Quick version made long (copy/pasted from Acadiana 400 thread
http://www.twtex.com/forums/showthread.php?t=118283&page=2):
First off, I again verified spark and fuel - I tried a little starting fluid, new plug, etc just to confirm. Still no go, so I decided it was way past time to do a spring cleaning.. I pulled everything off except the radiators, wiring, and engine so that I could clean up some of the wiring and clean the bike in general before pulling off the valve covers, etc..
It was during this that I discovered what is likely my root cause... The KLR airbox has two drains. One on the dirty side of the airbox, and one on the clean side of the airbox. The purpose is for if the airbox is filled with water, gas or oil, you can get it out. I have never noticed that there was a drain on the clean side.
The drain on the dirty side has a very short rubber piece that will open when you squeeze it to let fluids out. I've seen that on many different bikes.

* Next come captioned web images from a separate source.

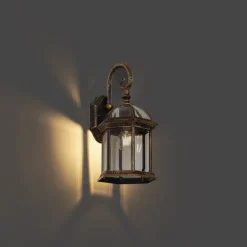 Klassieke buiten wandlamp antiek goud IP44 - Glasgow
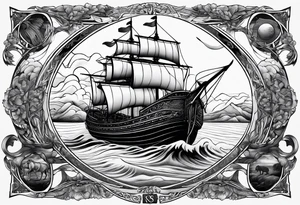 Noah’s arc with names tattoo idea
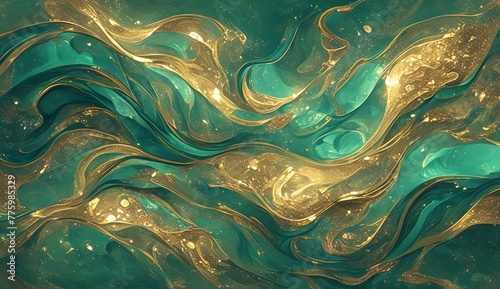 Gold and teal swirls of liquid marble with golden glitter, creating an elegant abstract background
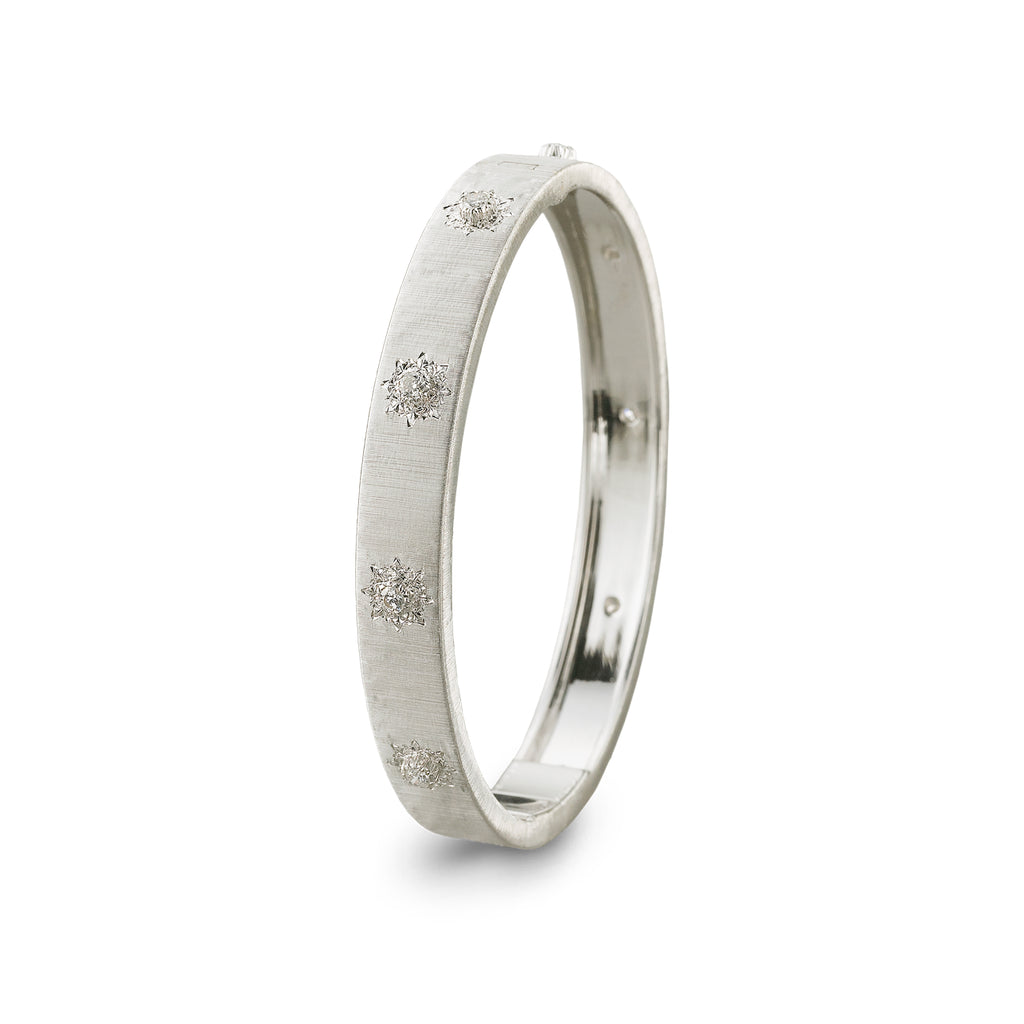 Buccellati Macri Classica 8.5mm Bangle Bracelet 18K White Gold with Diamonds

The drain on the dirty side has a hose that goes down to the bottom of the bike and the hose has a plug in it. Or at least it does when Kawasaki sells it. I have no idea how long mine had been gone, but I just had a hose hanging down under the bike sucking dirt and water into the engine. Yay! Due to this,
I also had about 1/8 or so of dirt caking the inside of the airbox, on the clean side of the air filter. No clue how much has gone through the engine.
So - first things first, check valves - both intakes are out of clearance - one is really zero clearance, the other is not touching, but I can't fit any shims in (I could tell it isn't touching because I could rotate the shim underneath it.) I had a couple of shims and was able to rearrange things enough to figure what sizes I needed to put things in spec, so I ordered up some shims.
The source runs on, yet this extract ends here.